First of all, what caused the protests in Iran? Facing a grim fiscal outlook, the government opted to increase the price of petrol by 50%, from 10,000 rials (approximately 18 British pence at the time of writing) to 15,000 (27p). For those buying more than 60 litres, the price increases to 40,000 rials. By western standards, such figures might as well be pocket change – but, in a country where incomes are so comparatively low, even a small price rise can have devastating implications. Iran’s economic situation was already bad enough; following the Trump administration’s decision to scrap the JCPOA (Joint Comprehensive Plan of Action, known by most as the Iran Nuclear Deal) the sanctions that the agreement had previously staved off resumed. The implications of this have been severe. Since the JCPOA’s effective end in May 2018, the country has been mired in a currency crisis, with the value of the rial dropping by more than 60%. Nevertheless, the petrol hike has the scope to be exceptionally damaging, as the commodity’s artificially low price – induced by extensive subsidisation – has hitherto been key in maintaining the living standards of low-to-middle income Iranians. For instance, many poorer households supplement their meagre incomes by doing informal taxi work; in the absence of extensive subsidies, such schemes will no longer be feasible.
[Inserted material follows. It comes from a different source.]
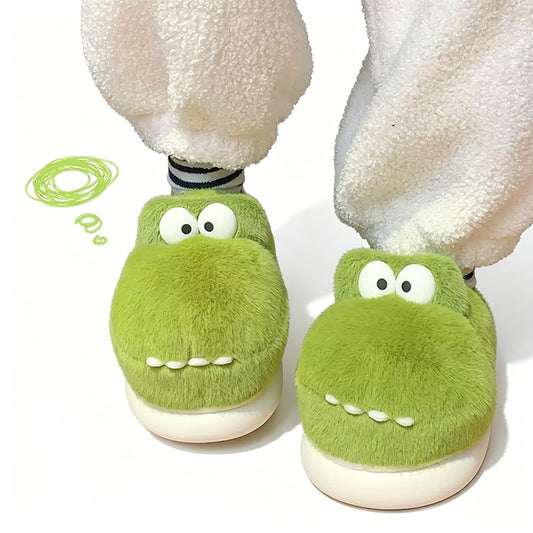 Cute green crocodile plush slippers with big white googly eyes and flat teeth, fuzzy indoor shoes with EVA sole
Naturally, the reaction of the general public was anything but sanguine; within days, a wave of protest had erupted in cities and towns across the country, with officials estimating that, all in all, 200,000 took part. The response of the state was startling in its sheer brutality and ruthlessness; internet access was cut off for a brief period to ensure that news of the unrest didn’t spread and inspire others to follow suit, and according to reports by Amnesty International, as many as 200 protestors were killed by the government. Although these measures seem to have successfully quelled the unrest (at least in the short term), it is difficult to imagine this approach being sustainable in the long run, particularly if the sanctions crushing Iran’s economy remain in place.
The response of the state was startling in its sheer brutality and ruthlessness
In order to understand why the Islamic Republic is faced with this bleak domestic outlook, it is crucial to take into account the reaction to its foreign policy in recent years. The US negotiated and ratified the JCPOA in 2015, along with its five other signatories – the UK, France, Germany, China and Russia – in the hopes that it would not only prevent Tehran from acquiring a nuclear arsenal in the near-term, but also moderate its foreign policy and lead it to become a more “orderly” member of the international community. This did not occur as planned; rather, the increased economic bandwidth afforded by the JCPOA’s sanction relief increased Tehran’s capacity to allocate resources towards its proxies and associates throughout the region, encompassing but not confined to the Houthi rebels fighting the Saudi-backed government in Yemen, Hezbollah in Lebanon (and increasingly Syria), and various militias in Iraq. Israel and Saudi Arabia in particular were concerned by these developments; neither relished the prospect of having a robust, armed Iranian presence on their borders. However, with the election of Donald Trump in 2016, they sensed an opportunity.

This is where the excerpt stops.